Silesaurus gets a minor revision?



I'm not really sure how much work's been done on my favorite supposedly non-dinosaurian dinosauriform, but Dzik & Sulej (2007) suggest that initial reports (Dzik 2003) placed it just outside of the Dinosauria proper, but the new paper briefly describes new material and suggests that Silesaurus is the most basal ornithischian known. This is a position I generally agree with--the original ornithischian is not going to look like Lesothosaurus. It's going to look more like Eoraptor or Herrerasaurus, because those two dinosaurs retain more plesiomorphic features, whereas Lesothosaurus is more specialized than either. Does anyone out there have strong opinions either way? Seems like you could get a lot of descriptive text out of Silesaurus, but aside from these two papers, I haven't seen much.

Also, how do you pronounce the name?
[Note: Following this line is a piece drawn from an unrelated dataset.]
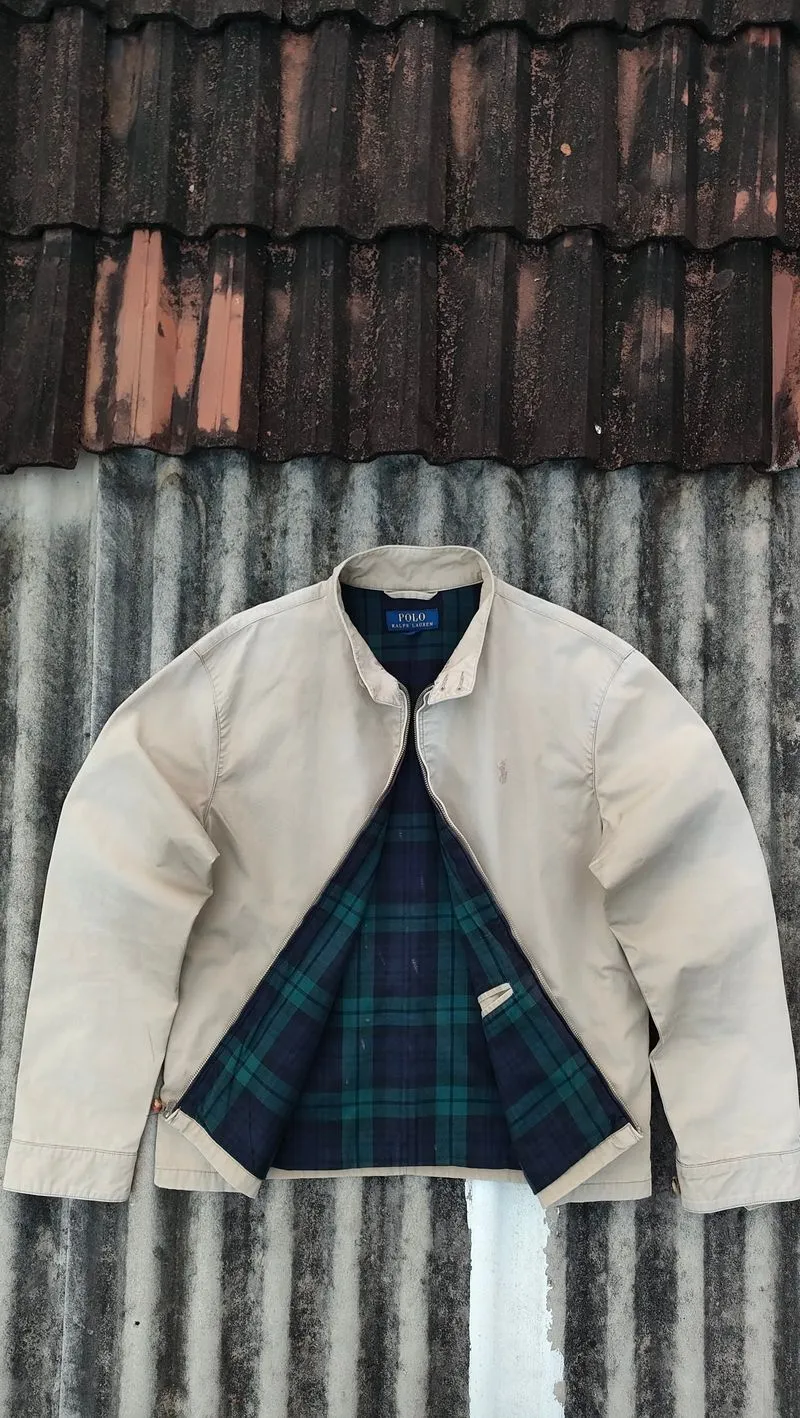 vintage work jacket ralph jacket with sun fade photo 1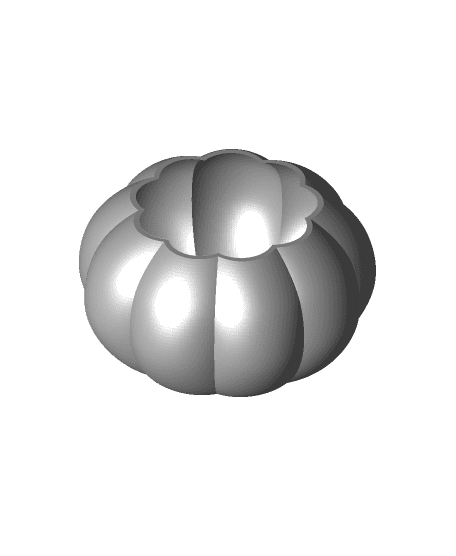 Blank pumkin tealight holder 3d model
It seems like there are a lot of possibilities. It's always said "SIGH-ul-SORE-us."

References:

Dzik, J. (2003). A beaked herbivorous archosaur with dinosaur affinities from the early Late Triassic of Poland. JVP 23: 556-574.
Dzik, J. & Sulej, T. (2007). A review of the early Late Triassic Krasiejow biota from Silesia, Poland. Palaeontologica Polonica 64.

3 comments:

Bill Parker said...

This would definitely solve the problem with the lack of ornithischians in the Late Triassic; however,this relationship can only be ascertained by a rigorous phylogenetic analysis, which is lacking in both of these papers.

I'm hoping that Randy Irmis handled this in his dissertation.

Brad said...

Why would the "le" be pronounced as "ul"? Is it a Polish thing?

Jaime A. Headden said...

As a derivative of Latin Silesia, all vowels will be long save the antepenultimate one, making it "sih-LEE-shah". In combination with sauros, you get "sih-leh-SAWR-ahs", as the antepenultimate syllable shifts posteriad, giving you a long "e" in the middle. On the DML back when this was published, it was jokingly and yet not nearly incorrectly pronounced "sil-lee-sawr-uhs", as this makes it sound like Silly-saurus. Close, but no cigar.